= Frances James (ecologist) =

American ecologist

Frances Crews James (born September 29, 1930) is an American ecologist who served as a Professor of Biological Sciences at Florida State University.

James studied geographic variation in the size and shape of birds, leading to transplant experiments with red-winged blackbirds and to tests of the theoretical assumptions underlying selection models. She is a member of the American Academy of Arts and Sciences. James, originally from Philadelphia, Pennsylvania, was immersed in the stream of biology at an early age being involved in the Academy of Natural Sciences Expeditions for Everyone.

In 1984 James was the first woman to become president of the American Ornithologists Union serving for two years until 1986. She was awarded the Eminent Ecologist Award in January 1997; in the same year she also received the Outstanding Leadership Award from the American Institute of Biological Sciences. She was awarded the 1999 Margaret Morse Nice Medal by the Wilson Ornithological Society. She has served on The Nature Conservancy Board of Governors and the Board of Directors for the World Wildlife Fund. She was one of the inaugural Fellows of the Ecological Society of America in 2012.

==Academic career==
James completed her A.B. (Bachelor of Arts) in zoology at Mount Holyoke College and went on to do her M.S. (Master of Science) at Louisiana State University. She then finished her Ph.D. in Zoology from the University of Arkansas in 1970 at the age of 40 after raising a family of three daughters with her then husband ornithologist Douglas A. James. Her dissertation involved observing patterns of intraspecific size variation in 12 species of birds found in areas of the United States.
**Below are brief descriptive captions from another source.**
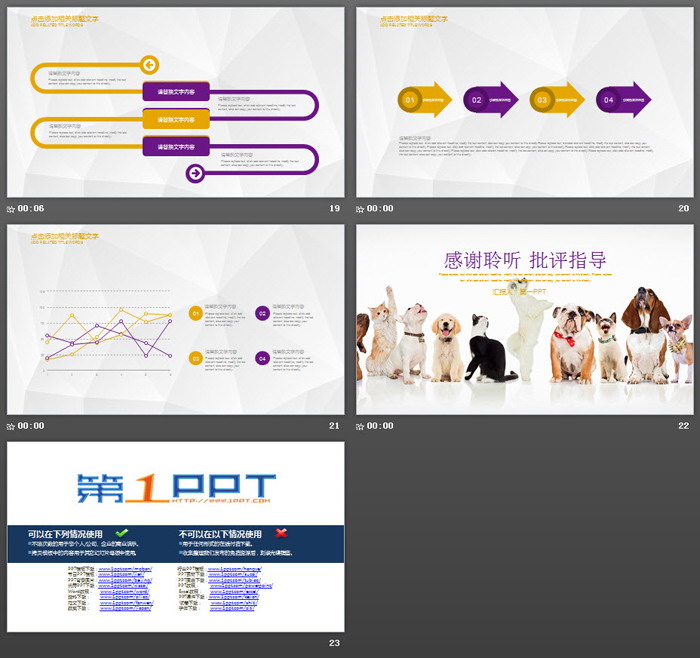 狗狗猫咪排队背景的宠物PPT模板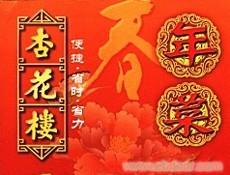 杏花楼皇袍蛟龙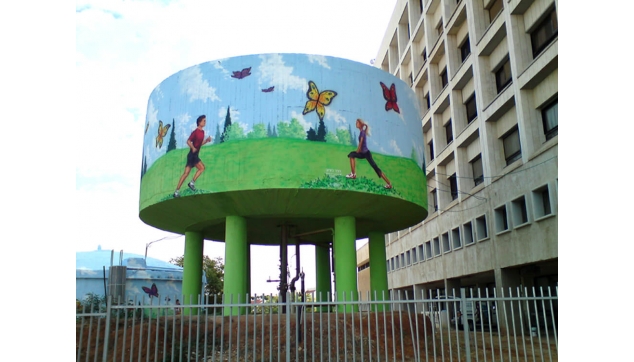 מגדל  מים ביה''ח מאיר כפ''ס אחרי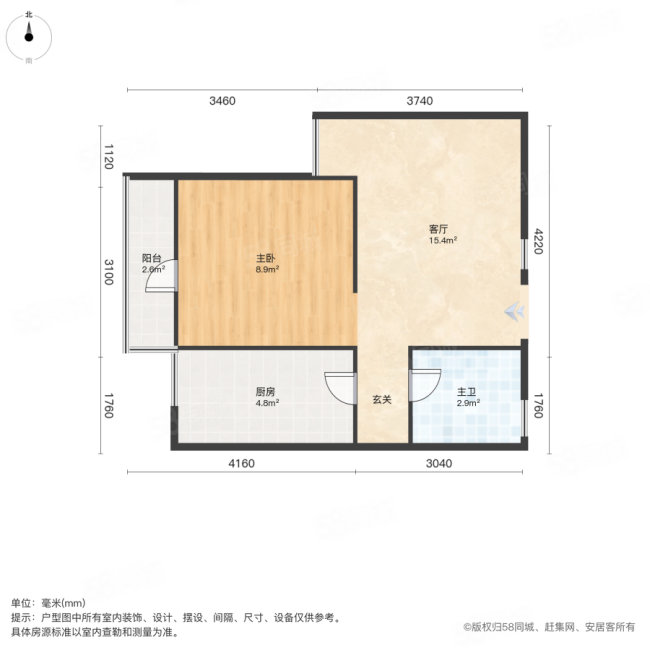 中北春天1室1厅1卫51㎡南78万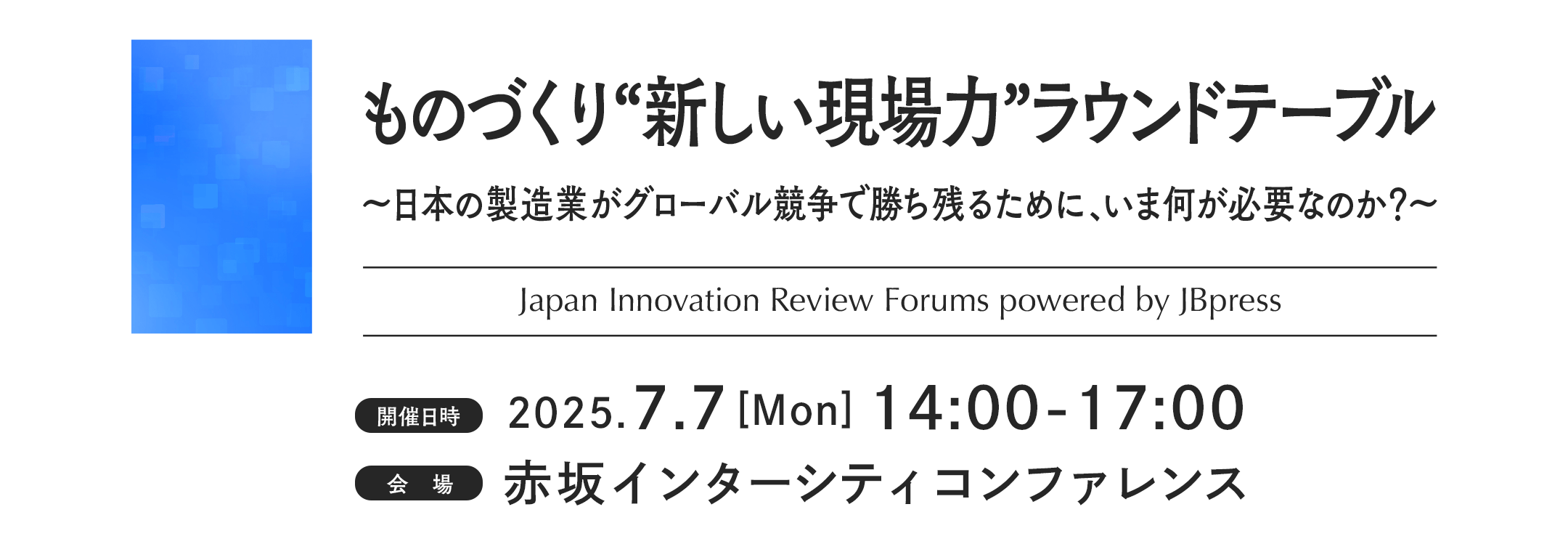 ものづくり“新しい現場力”ラウンドテーブル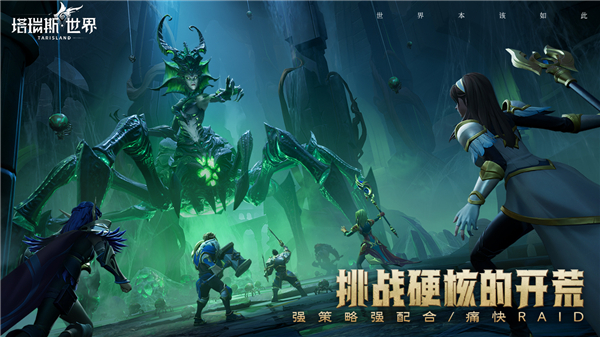 塔瑞斯世界官服截图4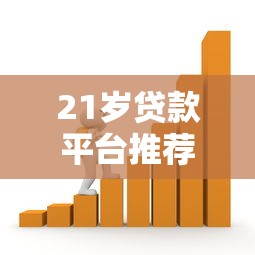 21岁贷款平台推荐：低门槛、高通过率的借款选择
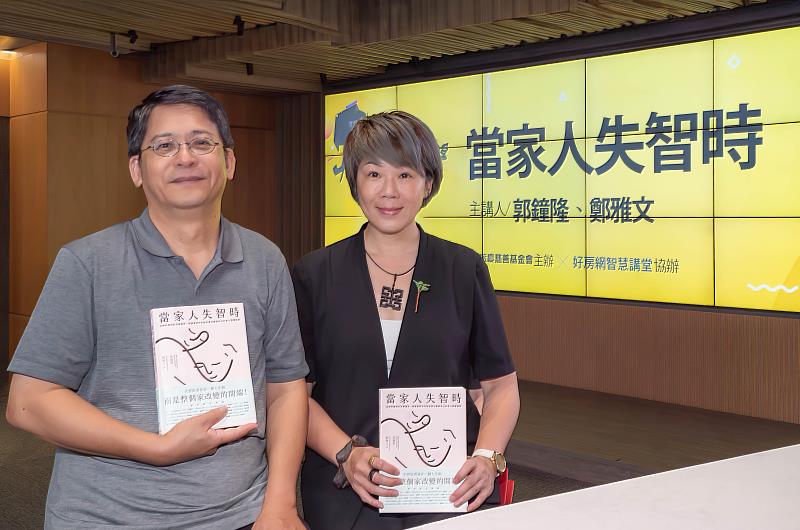 郭鐘隆、鄭雅文以共同著作書籍《當家人失智時》為題，分享如何陪伴失智家人，更結合芳療手法，讓照顧者減輕心理照護負擔，也讓失智者延緩症狀。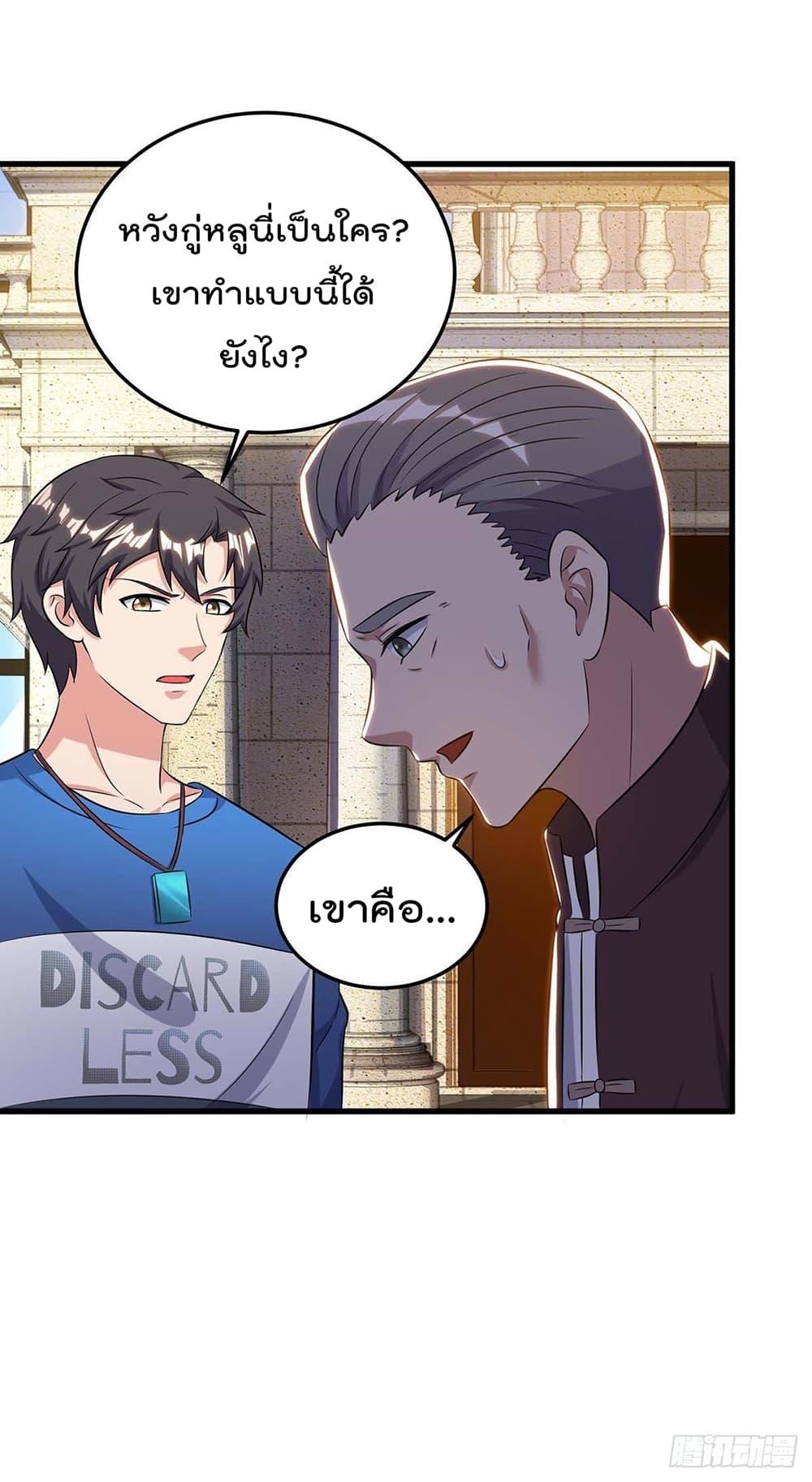 Manga-lc-com อ่านมังงะ อ่านการ์ตูน ออนไลน์ ฟรี RebirthAbandon ตอนที่ 1 2 3 4 5 6 7 8 9 10 11 12 13 14 ฟรี ไม่มีโฆษณา Manga-lc - อ่าน มังงะ อ่าน การ์ตูน ออนไลน์ อ่านมังงะ ฟรี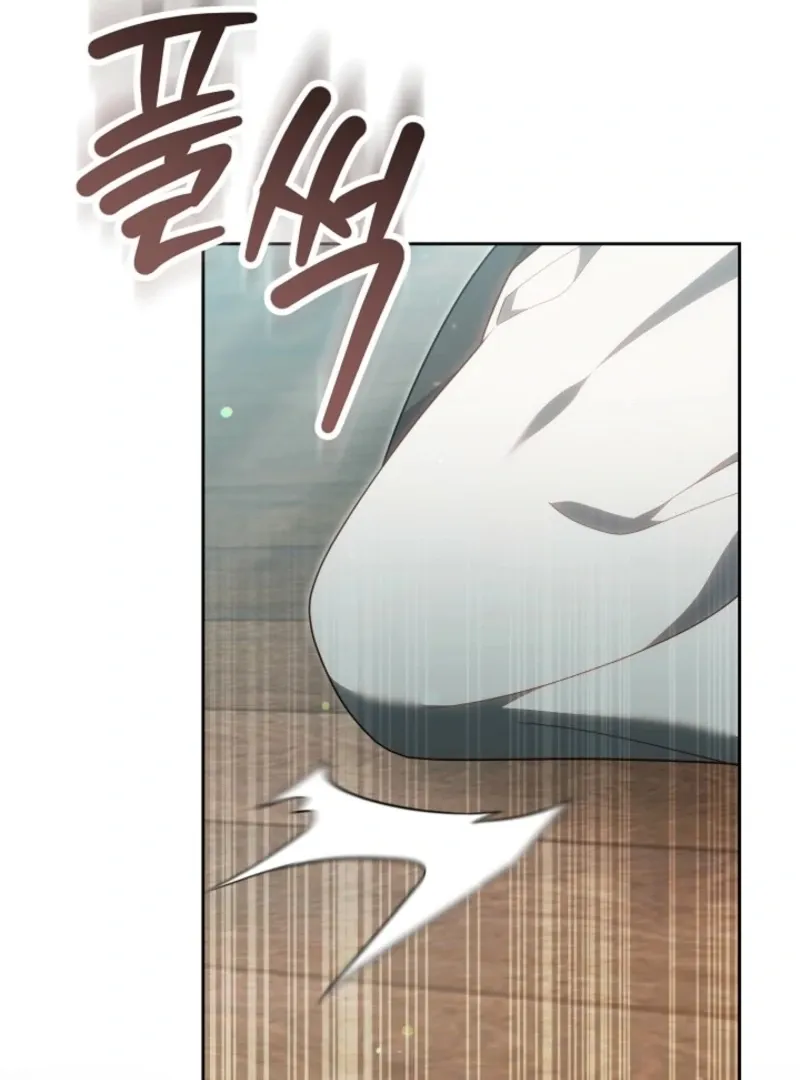 Read The Empress’s Needle chapter 41 image 13 on Lezhin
James looked specifically at Bergmann’s rule hypothesizing that temperature may not be the most important factor determining body size patterns across gradients.

In 1996 Frances James and her colleague at the University of Florida, statistician Charles McCulloch published an article titled: New Approaches to Population Trends in Land Birds. They proposed novel approaches to analyzing the data from the Breeding Bird Survey, data showed no general decline but significant declines in species from certain regions.

In 2009, with John Pourtless, she published an Ornithological Monograph entitled "Cladistics and the Origin of Birds: A Review and Two New Analyses". In this monograph they argue that both the “early-archosaur” and “crocodylomorph” hypotheses are at least as well supported as the BMT (birds are maniraptoran theropod dinosaurs) hypothesis. Also, the Kishino-Hasegawa tests they performed revealed no statistical difference between the hypothesis that birds were a clade nested within the Maniraptora and the hypothesis that core clades of Maniraptora (oviraptorosaurs, troodontids, and dromaeosaurs) were actually flying and flightless radiations within the clade bracketed by Archaeopteryx and modern birds (Aves). James and Pourtless concluded that because Aves might not belong within it, Theropoda as presently constituted might not be monophyletic. They further cautioned that a verificationist approach in the BMT literature may be producing misleading studies on the origin of birds.